Today’s readings: Exodus 16, 2-4.12-15; Ephesians 4:17.20-24; John 6, 24-35

It was back in the 1990s, when I was still young and probably impressionable – this explains why the expression shocked me and lodged itself in my brain. Never did I expect a colleague to answer my question “How are you?” with the stark words “What a taste of death!” In truth, his demeanour was a reflection of his inner sentiments. The years have rolled by, yet I still wonder how human beings who have been offered life in abundance through Jesus fail to tap into that immense dynamism that transforms all things human.

Today’s gospel is another classic instance of people looking for life in the wrong place. The people had been fed bread and fish in abundance and their hunger had been satisfied. So, like people rushing crazily to supermarkets to obtain the latest fancy offers at ridiculously low prices, the Galileans went frantically in search of Jesus.

I can nearly hear them saying: “Surely he will work more wonders for us, satisfy our curiosity, fill our aching stomachs, and provide for all our frivolous ‘needs’ and capricious desires.
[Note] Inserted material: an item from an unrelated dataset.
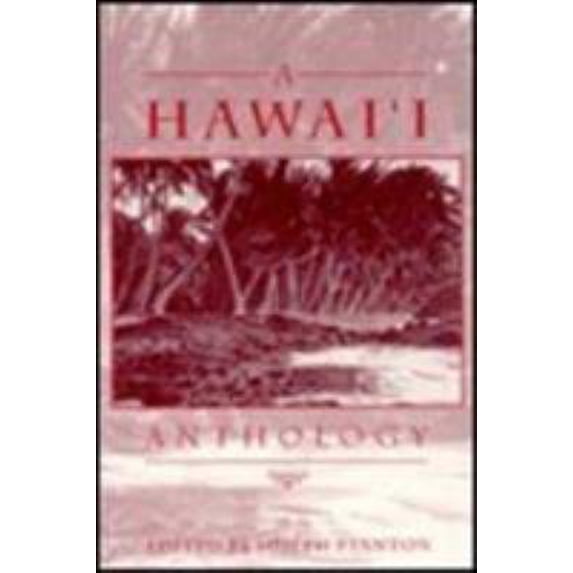 Pre-Owned Stanton a Hawai'i Anthology Paper (Paperback) 0824819772 9780824819774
If not, we will accuse him of being uncaring or even heartless, of not being powerful and omnipotent, of being distant and of turning a blind eye to our human longings. We crave the cheapest offers, the buy-now-pay-later options, and the no-commitment plans.”

Italian scientist and senator Rita Levi-Montalcini wisely said that we must not try to add days to our life but life to our days. No wonder so many remain stuck in a quagmire. Life itself has pervaded our human reality in the person of Jesus, yet the minds of many are too obfuscated to comprehend the greatness of such an event and the beauty of the offer he made us. In his first letter, St John states that life became audible, visible and tangible. And that life invited us to strive, not for food that perishes, but for food that endures for eternal life.

In his book Proof of Heaven: A Neurosurgeon’s Journey into the Afterlife, Eben Alexander describes his near-death experience following a brain illness to which he succumbed. He was immersed in a world beyond the one we know and encountered the very source of life. He claims that these dimensions “cannot be known, or understood, from lower dimensional space”. This makes me wonder whether I am looking for life where it truly is.

In Biblical Hebrew, to sin means to miss the mark. In other words, sin is seeking life where it isn’t. In today’s gospel, Jesus does not speak so much about sin as he does about distraction, thwarted intentions, and false goals. He speaks of human dreams and perspectives that do not dare to go beyond the mundane. In a similar vein, in today’s first reading, the people led by Moses through the desert longed for the pots of flesh of Egypt rather than the freedom of the children of God that would be theirs in the Promised Land.

Jesus’ words – spoken in a context in which he sought to enlighten his hearers about the true bread that comes down from heaven – confronts us with one important question: Do we love Jesus for who he truly is, irrespective of his gifts? Are we simply interested in having some more grace, some more blessings, and some more divine help to allow us to carry on with our self-contained and restricted activities? Are we mere users, expecting God to be at our beck and call, who sulk and accuse him if his plans do not fit ours, if his gifts have no fancy wrapping, and if our wish list is not entirely ticked off?

The will of the Father is for us to believe, to accept, and to welcome his beloved son, the very source of life.